Brian Azzarello & Maria Llovet Get Provocative in This Exclusive Faithless Preview
Main Art by Paul Pope
Brian Azzarello is one of comics’ premiere provocateurs—just ask Batman’s bat-pole. His long-running work alongside Eduardo Risso on Vertigo’s 100 Bullets established Azzarello as a foundational voice in modern crime comics, and subsequent series like the New 52-era Wonder Woman and the Image Comics werewolf hit Moonshine prove that his range doesn’t begin and end with gritty noir. Barcelona-based artist Maria Llovet is a much newer name to American readers, although her bold, often explicit work on books like There’s Nothing There and Loud has made a fast impression on Western audiences.
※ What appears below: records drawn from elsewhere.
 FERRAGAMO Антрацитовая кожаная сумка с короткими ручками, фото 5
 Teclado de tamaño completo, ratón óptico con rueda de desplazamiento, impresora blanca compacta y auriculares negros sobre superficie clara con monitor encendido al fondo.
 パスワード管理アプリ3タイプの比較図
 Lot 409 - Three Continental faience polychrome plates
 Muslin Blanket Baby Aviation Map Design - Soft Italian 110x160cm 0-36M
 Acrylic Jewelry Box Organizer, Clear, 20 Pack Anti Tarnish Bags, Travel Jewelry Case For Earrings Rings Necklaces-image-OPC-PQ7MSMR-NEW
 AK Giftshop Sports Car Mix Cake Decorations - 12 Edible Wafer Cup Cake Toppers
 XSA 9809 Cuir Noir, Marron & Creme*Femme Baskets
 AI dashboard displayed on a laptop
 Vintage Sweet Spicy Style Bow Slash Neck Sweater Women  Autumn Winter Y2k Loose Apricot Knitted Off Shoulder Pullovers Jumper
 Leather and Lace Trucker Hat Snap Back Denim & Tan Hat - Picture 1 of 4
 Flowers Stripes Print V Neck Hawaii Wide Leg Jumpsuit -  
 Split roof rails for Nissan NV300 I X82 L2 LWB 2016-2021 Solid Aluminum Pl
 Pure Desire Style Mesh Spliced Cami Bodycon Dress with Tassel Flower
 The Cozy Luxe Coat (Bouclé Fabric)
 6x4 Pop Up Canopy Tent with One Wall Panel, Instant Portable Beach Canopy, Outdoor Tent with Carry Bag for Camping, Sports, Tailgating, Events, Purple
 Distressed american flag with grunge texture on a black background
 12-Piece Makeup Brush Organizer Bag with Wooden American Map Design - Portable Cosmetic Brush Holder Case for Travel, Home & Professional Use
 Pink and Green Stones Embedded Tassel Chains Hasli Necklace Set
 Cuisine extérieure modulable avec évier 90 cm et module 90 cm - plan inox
Beginning next month, Azzarello and Llovet will team up for one of publisher BOOM! Studios’ riskiest, most incendiary titles to date: Faithless.
“Brian and Maria have created a compelling look at a young woman at the center of self-discovery and all the missteps that can come with that…like pursuing the occult,” BOOM! Studios Executive Editro Sierra Hahn said in a statement. “Faithless is beautiful, fun, sexy and wonderfully unexpected.”
Featuring main covers by Eisner Award-winning artist Paul Pope, Faithless marks Azzarello’s debut work for BOOM! Studios, and one of the publisher’s first sexually explicit series. Mingling self-discovery, sex, love and occultism, Faithless follows Faith, a bored young woman who dabbles in black magic—and catches the attention of some very dangerous infernal forces. Paste readers can check out an exclusive extended preview of the five-issue mini-series, but be warned: unlike prior peeks at Faithless, Llovet’s pages below are uncensored. We’ve also got the debut of Lee Bermejo’s variant cover for the first issue. Faithless #1 hits comic stores and digital retailers April 10th, 2019.
NSFW Pages Follow Below
Faithless #1 Cover Art by Paul Pope
Faithless #1
Writer: Brian Azzarello
Artist: Maria Llovet
Publisher: BOOM! Studios
Release Date: April 10, 2019
Faith. Sex. The Devil.
Faith likes to dabble with magic. Her friends think it’s cute-and not just a little off-putting, but it’s part of her charm and her warped search for purpose in a world that makes too much sense. But she’s a true believer and knows there is a power within her reach. She’s right, of course. It just took a while for that magic, that temptation, that unknowable thing to find her…
In short—Faith is bored as hell. And Hell has noticed.